Along these lines, David Ignatius has an interesting column in today’s Washington Post:

Watching the Republicans floundering over the past week, I can’t help thinking of a school of beached whales. The leviathans of the GOP have boldly swum themselves onto this patch of dry sand, and it won’t be easy for them to get back to open ocean….

…What’s interesting is that most of these wounds are self-inflicted. They draw a picture of a party that, for all its seeming dominance, isn’t prepared to be the nation’s governing party. The hard right, which is the soul of the modern GOP, would rather be ideologically pure than successful.
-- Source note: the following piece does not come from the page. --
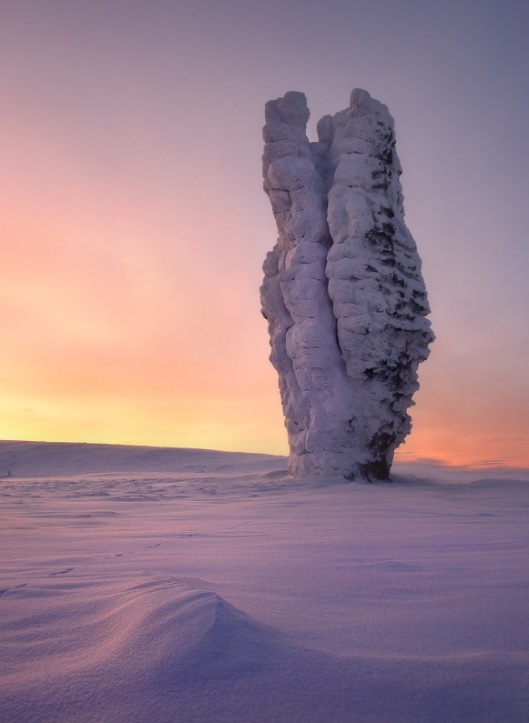 Столбы выветривания на плато Маньпупунер на закате. Фото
Governing requires making compromises and getting your hands dirty, but the conservative purists disdain those qualities. They swim for that beach with a fiercely misguided determination, and they demand that the other whales accompany them.

The bickering over the Miers nomination epitomizes the right’s refusal to assume the role of a majoritarian governing party. The awkward fact for conservatives is that the American public doesn’t agree with them on abortion rights. A CNN/USA Today/Gallup poll in late August found 54 percent describing themselves as pro-choice and only 38 percent as pro-life, roughly the same percentages as a decade ago. …
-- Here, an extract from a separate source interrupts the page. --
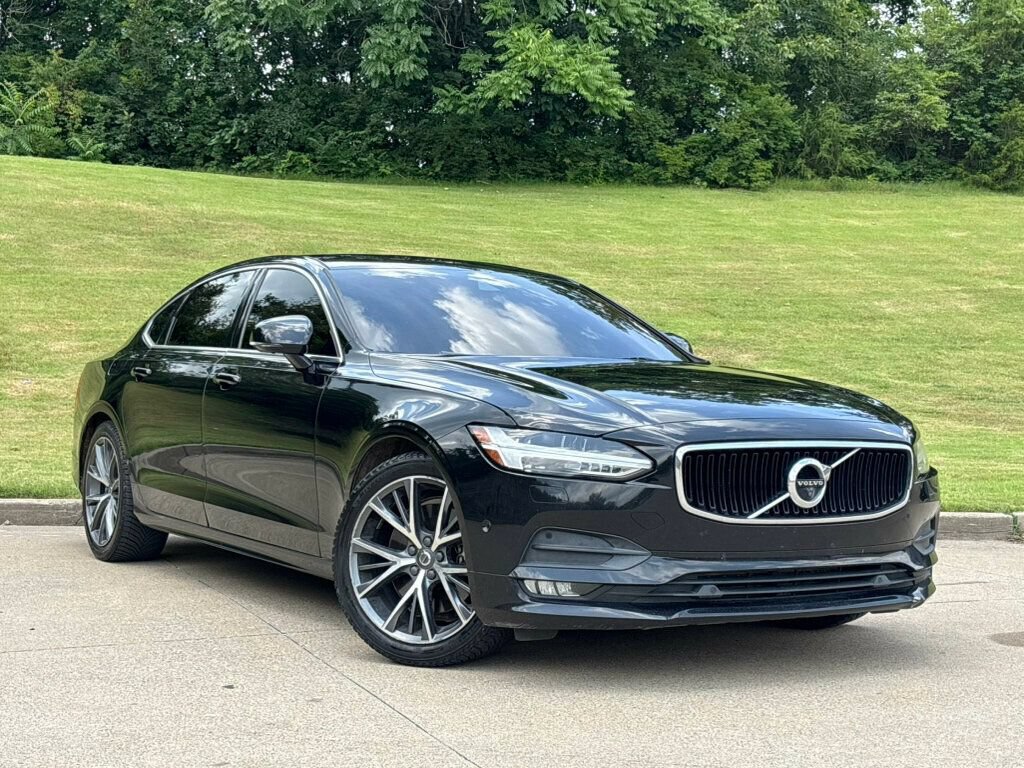 Used 2019 Volvo S90 T6 Momentum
… Bush squandered this opportunity by falling into the trap that has snared the modern GOP — of playing to the base rather than to the nation. The Republicans behave as if the country agrees with them on issues, when that demonstrably isn’t so. The country doesn’t agree about Social Security, doesn’t agree about the ethical issues that were dramatized by the torment of Terri Schiavo, doesn’t agree about abortion. Yet, in a spirit of blind partisanship, House Speaker Dennis Hastert announced last year that bills would reach the floor only if “the majority of the majority” supported them. That notion of governing from the hard right was a recipe for failure.

Righties have a pathological need to believe their point of view is the majority point of view, and that we lefties represent a few bitter enders camped out in a commune for aging hippies. I’ve written about this before. Whenever you pin a rightie in an argument, he or she always falls back on the “oh, yeah? Well, most people agree with me” defense. Except, most people don’t.

And I think the GOP could get away with a lot as long as most middle-class Americans felt safe and complacent. But these days nobody’s feeling safe or complacent. People are getting scared, and pissed off, and they’re looking at Washington, and seeing … Republicans in charge.

And a few Dems have been coming forward with something that looks like an actual agenda, something I hope to write about tomorrow.

Whigs in the News

Per Josh Marshall (see also Raw Story) a Wall Street Journal article provides tantalizing hints that Patrick Fitzgerald is after a much broader conspiracy than just the leaking of one agent’s name. Josh says,

“Mr. Fitzgerald’s pursuit now suggests he might be investigating not a narrow case on the leaking of the agent’s name, but perhaps a broader conspiracy.”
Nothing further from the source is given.